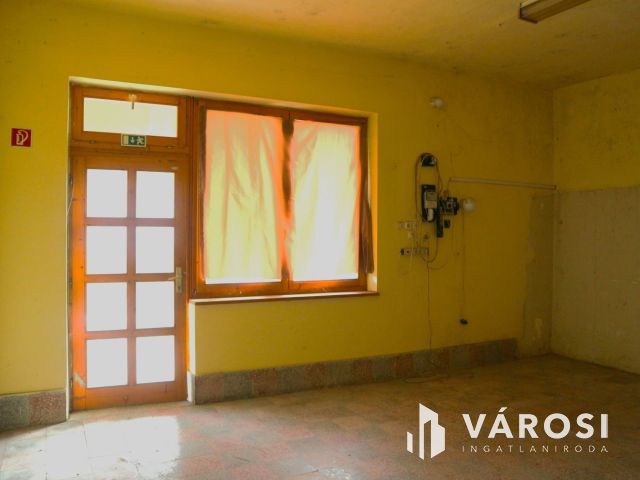 Szentgotthárd-Zsida régi ital-vegyesbolt befektetőnek eladó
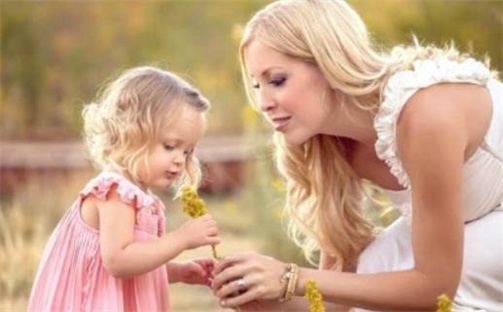 如何给2026年07月08日出生的李姓女宝宝起个好名字？专业分析与建议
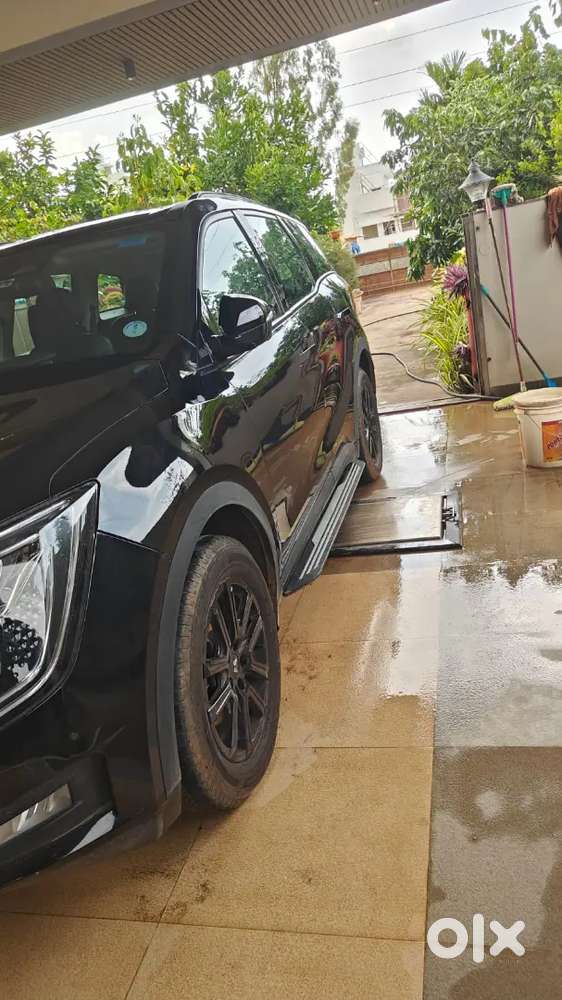 Xuv 700 Ebony Black Petrol Automatic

=== Directions ===
Would you please give the material above again, unchanged but without pictures?

=== Response to the task ===
 Szentgotthárd-Zsida régi ital-vegyesbolt befektetőnek eladó
 如何给2026年07月08日出生的李姓女宝宝起个好名字？专业分析与建议
 Xuv 700 Ebony Black Petrol Automatic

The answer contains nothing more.